Segment Start: Dataset records
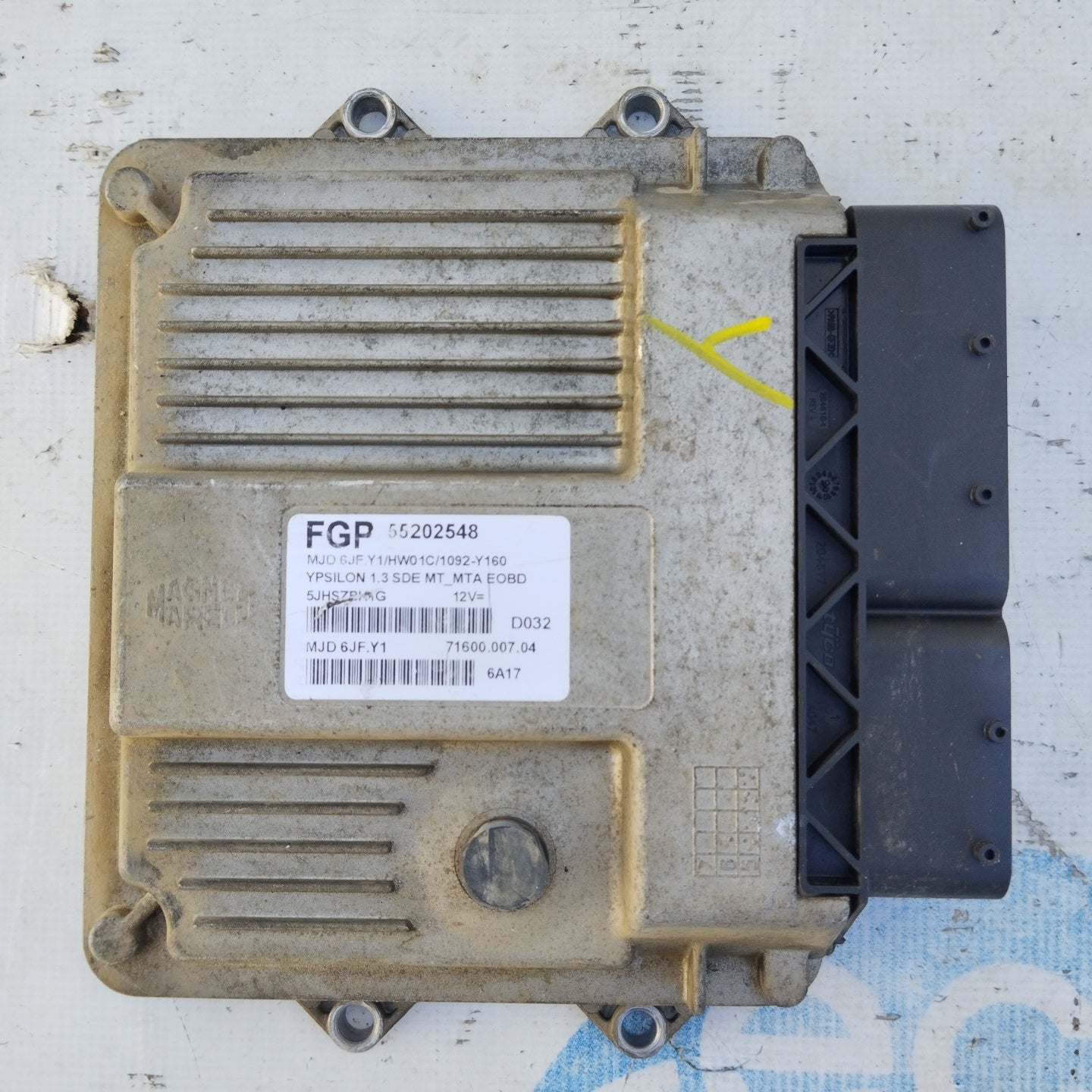 Zündkit Lancia Ypsilon 1.3 MTJ 70 PS Code: 55202548 ecoAG4600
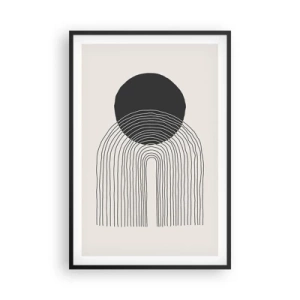 Poszter fehér keretben - Remegés és biztosság - 61x91 cm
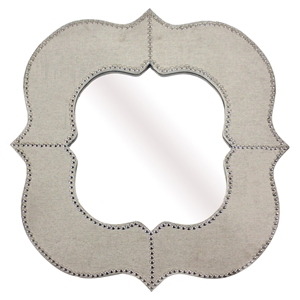 Wood Wall Mirror with Nailheads (Set of 2) 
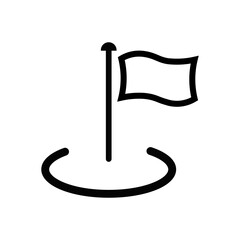 Map pin icon. Location pin on map. GPS point. Vector	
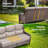 Gymojoy 5-Piece Patio Furniture Set With Swivel Glider Chairs, 6-Inch Ultra-Plush Cushions & Water-Resistant Olefin Fabric-2013294457-2013294463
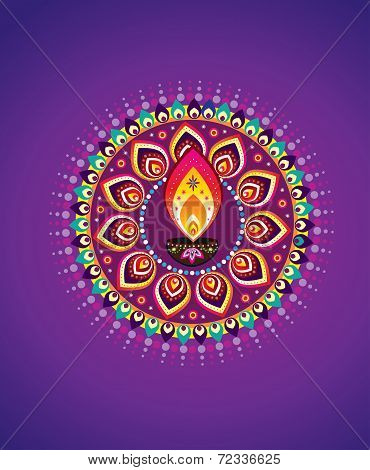 diwali candle light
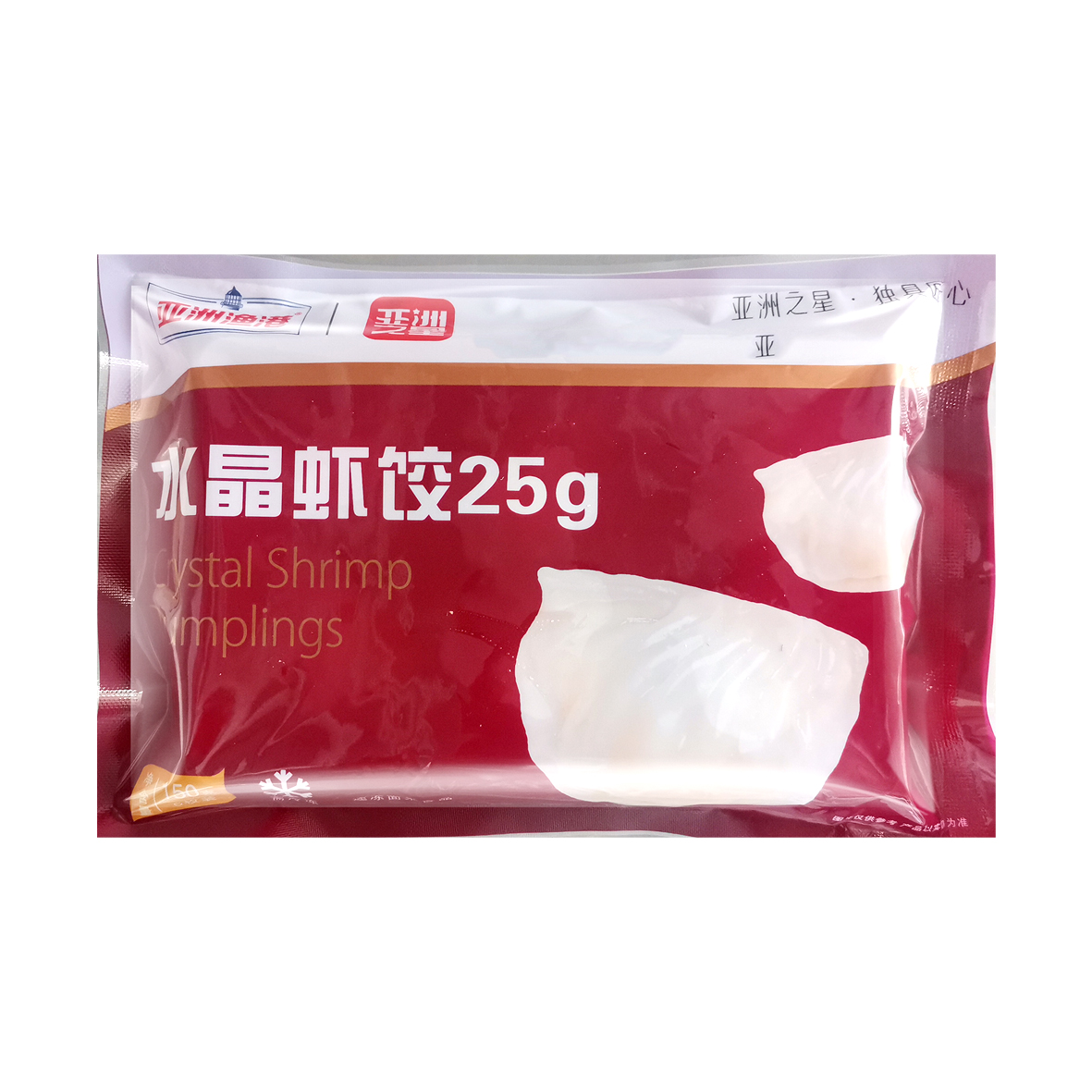 亚洲渔港 水晶虾饺150g（6枚）/袋*5袋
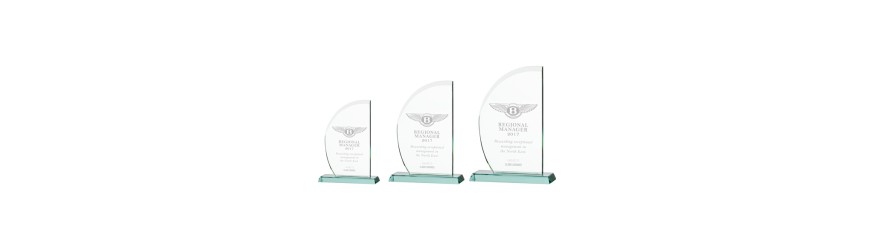 IMPULSE JADE GLASS AWARD - 180MM (12MM THICK)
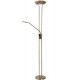 CHAMPION Lampadaire LED avec liseuse bronze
Segment End: Dataset records
• What you will do: The listing above, line by line: print it exactly, but not its pictures.

• Exercise response:
 Zündkit Lancia Ypsilon 1.3 MTJ 70 PS Code: 55202548 ecoAG4600
 Poszter fehér keretben - Remegés és biztosság - 61x91 cm
 Wood Wall Mirror with Nailheads (Set of 2) 
 Map pin icon. Location pin on map. GPS point. Vector	
 Gymojoy 5-Piece Patio Furniture Set With Swivel Glider Chairs, 6-Inch Ultra-Plush Cushions & Water-Resistant Olefin Fabric-2013294457-2013294463
 diwali candle light
 亚洲渔港 水晶虾饺150g（6枚）/袋*5袋
 IMPULSE JADE GLASS AWARD - 180MM (12MM THICK)
 CHAMPION Lampadaire LED avec liseuse bronze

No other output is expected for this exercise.